Data excerpts
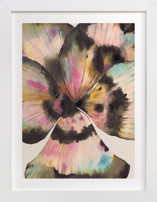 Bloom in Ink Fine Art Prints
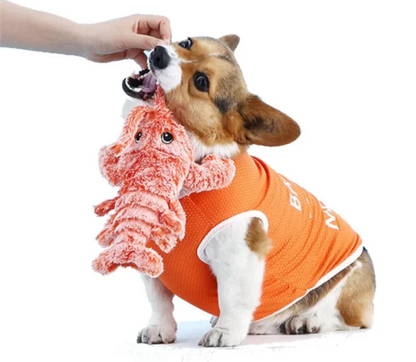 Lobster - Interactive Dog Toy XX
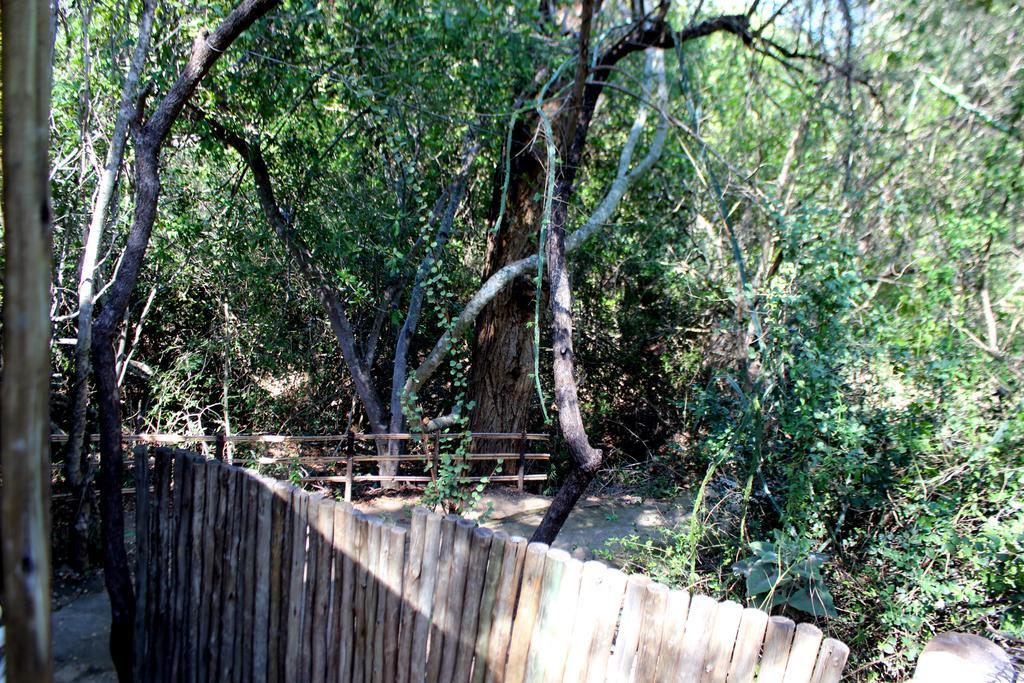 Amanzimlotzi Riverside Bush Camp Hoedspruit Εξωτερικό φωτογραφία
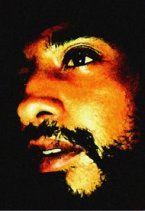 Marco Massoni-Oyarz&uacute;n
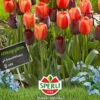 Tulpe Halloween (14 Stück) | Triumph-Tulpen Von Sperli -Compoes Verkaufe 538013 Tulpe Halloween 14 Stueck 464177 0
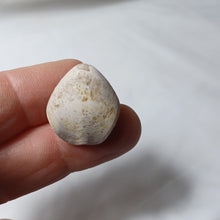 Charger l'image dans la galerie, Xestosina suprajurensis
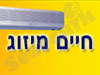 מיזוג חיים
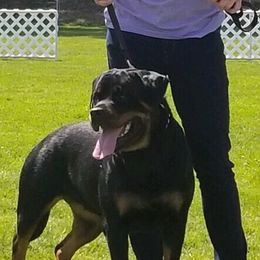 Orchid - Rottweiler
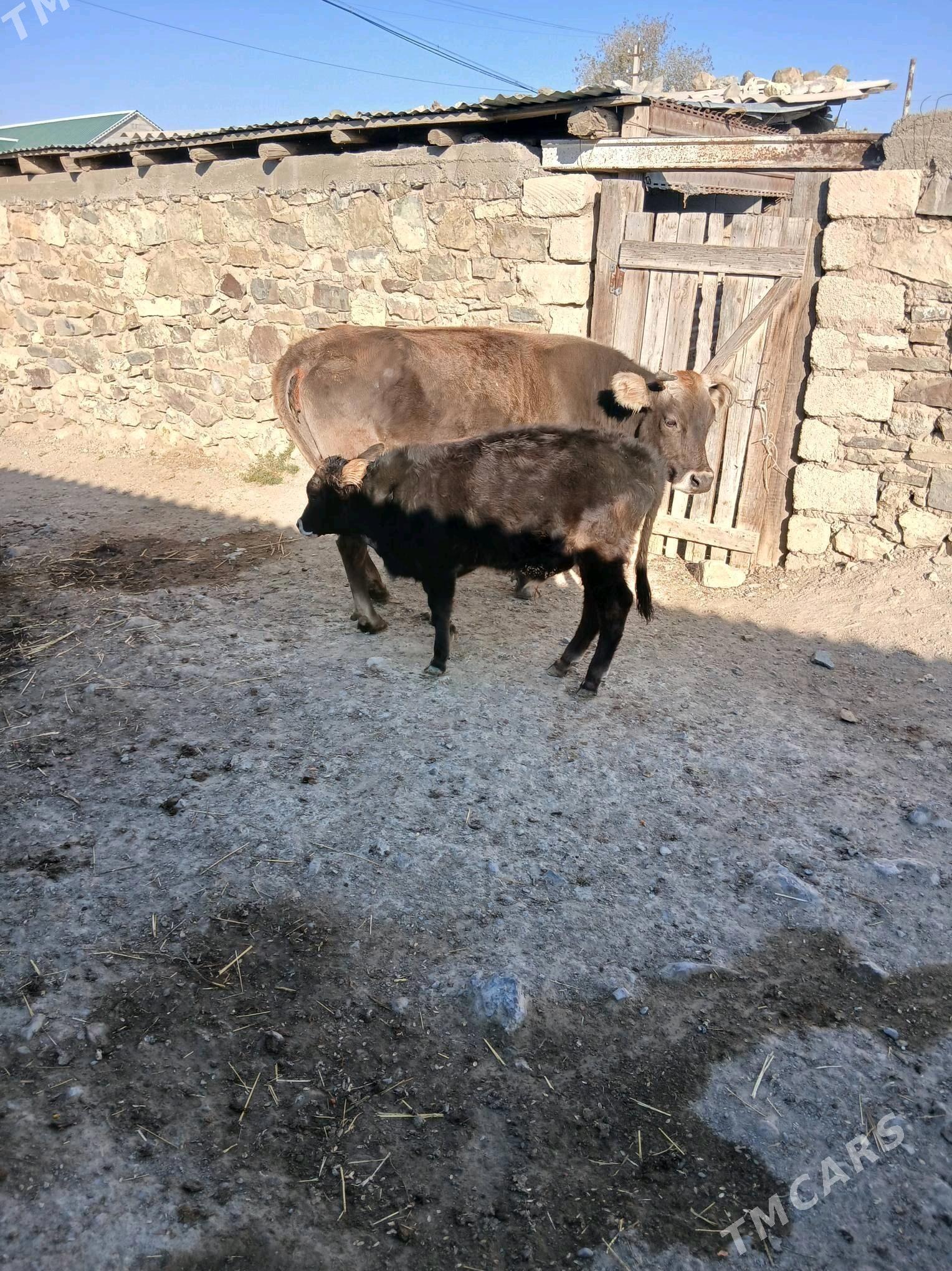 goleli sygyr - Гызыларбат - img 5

## [What the task asks]
The answer must be an exact restatement of all the records, with no pictures included.

## [Completed exercise]
 Bloom in Ink Fine Art Prints
 Lobster - Interactive Dog Toy XX
 Amanzimlotzi Riverside Bush Camp Hoedspruit Εξωτερικό φωτογραφία
 Marco Massoni-Oyarz&uacute;n
 Tulpe Halloween (14 Stück) | Triumph-Tulpen Von Sperli -Compoes Verkaufe 538013 Tulpe Halloween 14 Stueck 464177 0
 Charger l'image dans la galerie, Xestosina suprajurensis
 מיזוג חיים
 Orchid - Rottweiler
 goleli sygyr - Гызыларбат - img 5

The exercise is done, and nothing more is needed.